I will add further stocks to IFL in July.
RIRP income storms ahead
In January I said that now the Rising Income Retirement Portfolio – my original high yield portfolio – had been fully invested for a year, I would adopt a much simpler and transparent method of accounting for its eighth year. The results are in Tables 2 and 3, which capture the fund’s key performance measures.
Column 1 of Table 2 shows the projected yield on the original sums invested for the year ahead, and column 2 shows the percentage increase in yield over the previous year for those companies that have so far announced rises. Table 3 shows what this means in money, but with special dividends and returns of capital now identified separately as “bonuses”.
Last year these came from Vodafone and Direct Line.
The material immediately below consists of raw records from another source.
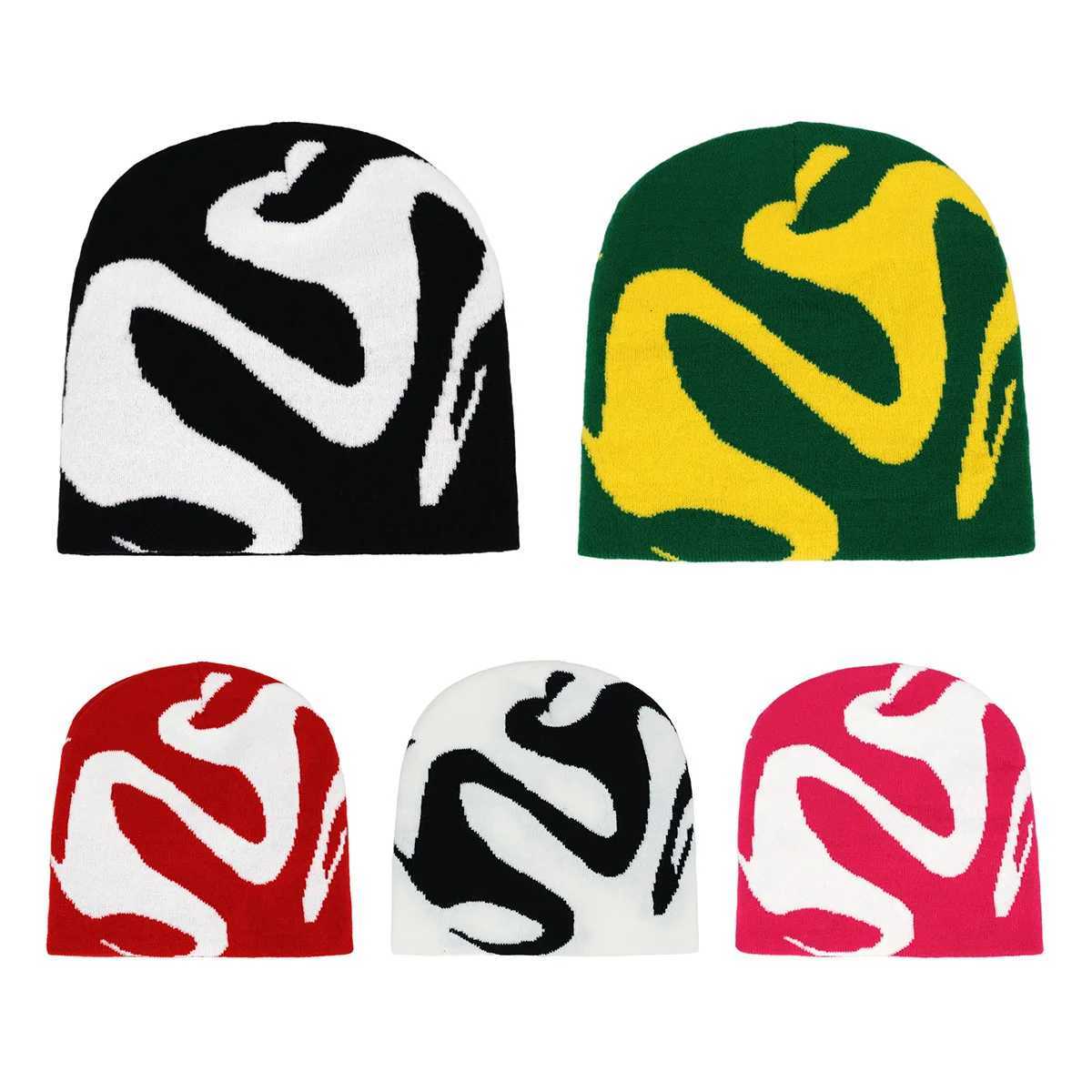 Winter Autumn Warm Beanies Hip Hop Ear Gorras Outdoor Windproof Y2K Letter Print Knitted Hat for Women Men Skiing Cap CyclingXJ251023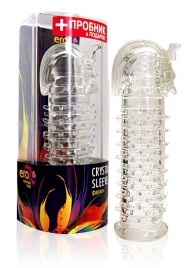 Закрытая прозрачная насадка на пенис Crystal Sleeve Faraon - 13,5 см. - Erowoman-Eroman - в Одинцово купить с доставкой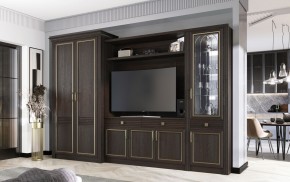 ОРЛЕАН Гостиная (модульная) ясень темный в Верхней Пышме - verhnyaya-pyshma.mebel24.online | фото 1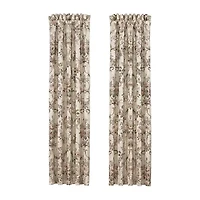 Queen Street Pecora Rod Pocket Room Darkening Set of 2 Curtain Panel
This year Direct Line has raised its basic dividends while declaring the same special as this time last year; and Standard Life has made a 73p a share return of capital to shareholders, which means the RIRP’s total income will be streaks ahead of last year’s.
Prudent investors will bank these bonuses against a rainy day; most of us will be tempted to spend them while we can enjoy them.
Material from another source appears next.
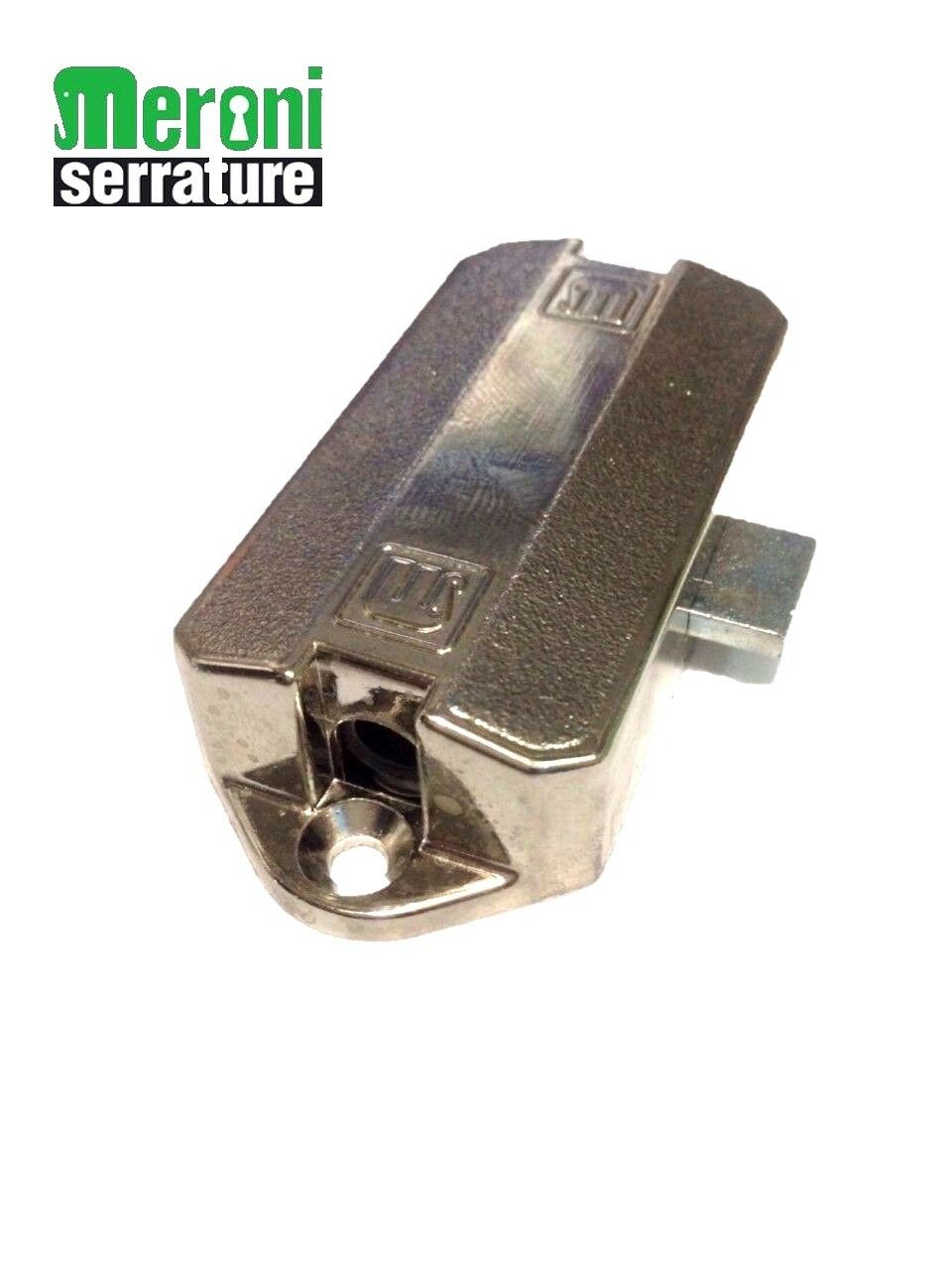 Serratura Meroni Aste Rotanti M98 da applicare con e senza accessori Nichelato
The SL scheme does entail a reduction in the number of SL shares the fund holds through a capital reduction, which I am happy to regard as simply increasing the average original purchase price; even with this self-deprecating accounting, I could still cash in the SL shares for nearly 90% more than my book cost. And clearly I am going to have no problems in achieving my original aim of increasing dividends by at least the higher of the rise in the RPI or the CPI; and my newly adopted aim of doubling the inflation figure looks easily achievable.
This is despite the fact that I am projecting a one third cut in Sainsbury’s final payout later this year, which may turn out over-optimistic. The return to the dividend lists by RSA and Lloyds so far only make a nominal cash contribution, but with a full year’s income from GlaxoSmithKline and a bumper dividend rise from Legal & General mean the fund’s underlying income will still rise by 2.4% – and we are only one month into the RIRP’s accounting year.
I am relieved that my fear of a rights issue from BT to fund its purchase of EE did not materialise. I am now getting a yield of over 5% on my original investment in this stock – though surprisingly, this is below the average projected underlying yield of 6.5% from the portfolio as a whole. If this year’s capital repayment from Standard Life is factored in, the projected yield on initial capital rises to over 8%.
Since I have chosen to treat these exceptional payments as bonuses from now on, I do not need to try to present this in future as a truly sustainable yield. Income rising at over twice the rate of inflation is good enough for me.